Restaurant der Woche: »Rhöms Deli«
Lauwarmes Jakobsmuschel-Carpaccio, perfekt gegarte Perlhuhnbrust und hausgemachte Patisserie: Mit »Röhms Deli« bringt Michael Röhm Spitzenküche in ein entspanntes Deli-Konzept – mitten in der Lüneburger Altstadt.
Auf die Schwankungen, die zyklischen Auf und Abs der Branche, hat Michael Röhm mit einem vielseitigen und unkomplizierten Konzept reagiert. Nach zwei Jahrzehnten in der Spitzen-Gastronomie – zuletzt im eigenen Restaurant »Zum Heidkrug« – bietet »Röhms Deli« Feinkost an, im gemütlichen Ambiente der Lüneburger Altstadt mit verwinkelten Gässchen und Kopfsteinpflaster.
Käse und Wurst werden empfohlen, zum Kaffee feine hausgemachte Patisserie, für den Mittagstisch wird täglich frisch gekocht. Gerichte wie krosses Tempura von knackigen Shiitake-Pilzen mit veganer Jalapeño-Creme können vorbestellt und mitgenommen werden; abends wird die kleine, durchdachte Karte durch Tagesempfehlungen erweitert. Der gebürtige Saarländer setzt auf eine schnörkellose, handwerklich versierte Küche mit hoher Produktqualität. Das Carpaccio von der Jakobsmuschel wird nicht wie üblich kalt in Limettenmarinade serviert, sondern lauwarm in Kokosmilchschaum.
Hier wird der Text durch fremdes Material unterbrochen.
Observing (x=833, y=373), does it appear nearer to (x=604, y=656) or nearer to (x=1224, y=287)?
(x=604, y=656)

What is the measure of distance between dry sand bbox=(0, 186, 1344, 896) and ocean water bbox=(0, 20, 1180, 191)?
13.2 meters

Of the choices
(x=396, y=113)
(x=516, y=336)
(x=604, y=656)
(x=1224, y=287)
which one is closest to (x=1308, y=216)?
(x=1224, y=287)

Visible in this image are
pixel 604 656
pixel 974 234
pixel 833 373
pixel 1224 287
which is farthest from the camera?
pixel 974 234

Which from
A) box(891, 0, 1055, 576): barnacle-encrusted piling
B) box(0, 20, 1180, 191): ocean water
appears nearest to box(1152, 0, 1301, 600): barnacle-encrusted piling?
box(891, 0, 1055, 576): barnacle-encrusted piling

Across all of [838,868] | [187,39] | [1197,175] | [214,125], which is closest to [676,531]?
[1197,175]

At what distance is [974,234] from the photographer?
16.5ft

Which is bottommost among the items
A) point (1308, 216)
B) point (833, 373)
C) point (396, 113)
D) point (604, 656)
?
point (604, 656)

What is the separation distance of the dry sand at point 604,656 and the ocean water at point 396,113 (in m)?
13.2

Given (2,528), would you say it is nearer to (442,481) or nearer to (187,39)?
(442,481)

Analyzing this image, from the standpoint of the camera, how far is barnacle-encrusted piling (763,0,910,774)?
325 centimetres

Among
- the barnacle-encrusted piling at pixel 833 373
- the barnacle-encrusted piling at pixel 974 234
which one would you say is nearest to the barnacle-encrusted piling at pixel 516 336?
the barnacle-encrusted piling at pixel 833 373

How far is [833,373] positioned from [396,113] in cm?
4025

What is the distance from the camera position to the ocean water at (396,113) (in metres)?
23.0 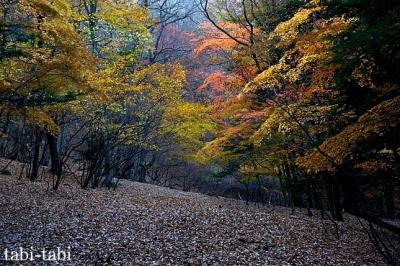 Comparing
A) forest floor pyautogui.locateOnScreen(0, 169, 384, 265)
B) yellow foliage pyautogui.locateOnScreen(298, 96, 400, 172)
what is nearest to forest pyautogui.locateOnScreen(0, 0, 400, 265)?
yellow foliage pyautogui.locateOnScreen(298, 96, 400, 172)

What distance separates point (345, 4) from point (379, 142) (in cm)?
405

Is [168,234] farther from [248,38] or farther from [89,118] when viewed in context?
[248,38]

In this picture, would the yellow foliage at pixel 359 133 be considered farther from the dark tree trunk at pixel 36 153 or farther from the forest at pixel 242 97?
the dark tree trunk at pixel 36 153

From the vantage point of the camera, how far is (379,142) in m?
9.02

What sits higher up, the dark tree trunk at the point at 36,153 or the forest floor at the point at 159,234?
the dark tree trunk at the point at 36,153

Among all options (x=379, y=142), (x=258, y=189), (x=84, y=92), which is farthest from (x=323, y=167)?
(x=258, y=189)

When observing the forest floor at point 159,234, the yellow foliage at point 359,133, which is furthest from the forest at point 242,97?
the forest floor at point 159,234

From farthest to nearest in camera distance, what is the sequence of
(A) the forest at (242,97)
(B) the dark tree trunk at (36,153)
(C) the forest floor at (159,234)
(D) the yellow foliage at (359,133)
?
1. (B) the dark tree trunk at (36,153)
2. (A) the forest at (242,97)
3. (D) the yellow foliage at (359,133)
4. (C) the forest floor at (159,234)

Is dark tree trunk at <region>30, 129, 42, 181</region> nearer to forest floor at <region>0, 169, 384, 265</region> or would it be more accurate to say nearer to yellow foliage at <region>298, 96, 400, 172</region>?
forest floor at <region>0, 169, 384, 265</region>

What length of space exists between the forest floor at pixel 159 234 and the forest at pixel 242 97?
596mm

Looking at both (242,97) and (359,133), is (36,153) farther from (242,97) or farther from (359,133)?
(359,133)

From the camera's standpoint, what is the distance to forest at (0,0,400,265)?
7645mm

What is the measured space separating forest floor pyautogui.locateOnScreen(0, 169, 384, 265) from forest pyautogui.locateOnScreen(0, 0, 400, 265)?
1.96 ft

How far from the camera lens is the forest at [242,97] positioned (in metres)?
7.65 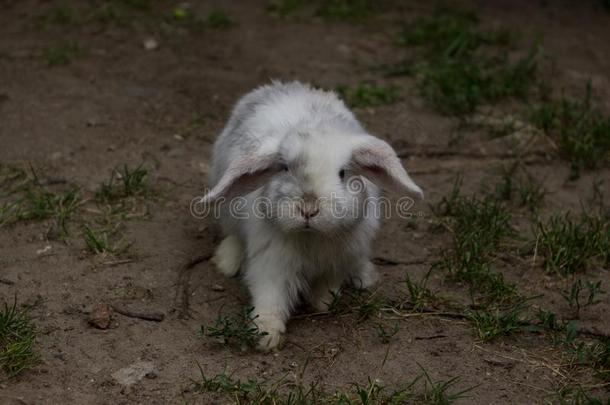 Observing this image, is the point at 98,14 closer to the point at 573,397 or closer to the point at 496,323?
the point at 496,323

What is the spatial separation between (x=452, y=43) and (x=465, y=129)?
1.12m

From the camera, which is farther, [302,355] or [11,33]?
[11,33]

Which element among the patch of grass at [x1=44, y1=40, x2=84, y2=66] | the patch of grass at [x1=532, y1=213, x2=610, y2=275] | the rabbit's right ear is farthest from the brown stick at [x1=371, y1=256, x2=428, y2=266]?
the patch of grass at [x1=44, y1=40, x2=84, y2=66]

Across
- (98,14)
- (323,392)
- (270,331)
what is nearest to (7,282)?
(270,331)

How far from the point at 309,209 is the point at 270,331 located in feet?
2.18

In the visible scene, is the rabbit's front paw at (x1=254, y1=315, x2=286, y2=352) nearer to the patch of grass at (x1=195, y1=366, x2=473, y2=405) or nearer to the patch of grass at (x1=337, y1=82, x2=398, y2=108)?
the patch of grass at (x1=195, y1=366, x2=473, y2=405)

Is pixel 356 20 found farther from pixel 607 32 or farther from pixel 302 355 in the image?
pixel 302 355

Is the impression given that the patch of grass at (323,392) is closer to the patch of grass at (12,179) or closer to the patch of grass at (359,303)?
the patch of grass at (359,303)

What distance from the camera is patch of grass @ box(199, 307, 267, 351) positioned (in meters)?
3.58

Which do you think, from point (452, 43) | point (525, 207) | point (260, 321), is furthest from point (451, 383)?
point (452, 43)

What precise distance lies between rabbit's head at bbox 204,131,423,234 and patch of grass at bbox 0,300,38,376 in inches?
35.6

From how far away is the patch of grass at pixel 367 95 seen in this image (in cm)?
584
Für Frische und Würze sorgen Schnittlauch und Saiblingskaviar aus der Lüneburger Heide, eine überzeugende Interpretation.
Die gefüllte Perlhuhnbrust mit Trüffeljus und Petersilienwurzelpüree ist präzise auf den Moment gegart, mit knuspriger Haut, zartem Fleisch und delikater Farce, das Püree zeigt pure Aromatik, die köstliche Jus setzt Geschmack vor Konzentration. Die im Ganzen gebratene, saftige Seezunge mit Heidekartoffeln, opulentem Gurkensalat in Rahm und mit Zitronen und Kapern wäre auch mit weniger Butter ausgekommen. Konsumentenfreundlich kalkuliert ist die auf Europa ausgerichtete Weinkarte mit Jahrgangstiefe. So trägt »Röhms Deli« dazu bei, dass sich Lüneburg mit seiner lebendigen Gastroszene zum kulinarischen Satelliten des nahen Hamburg gemausert hat.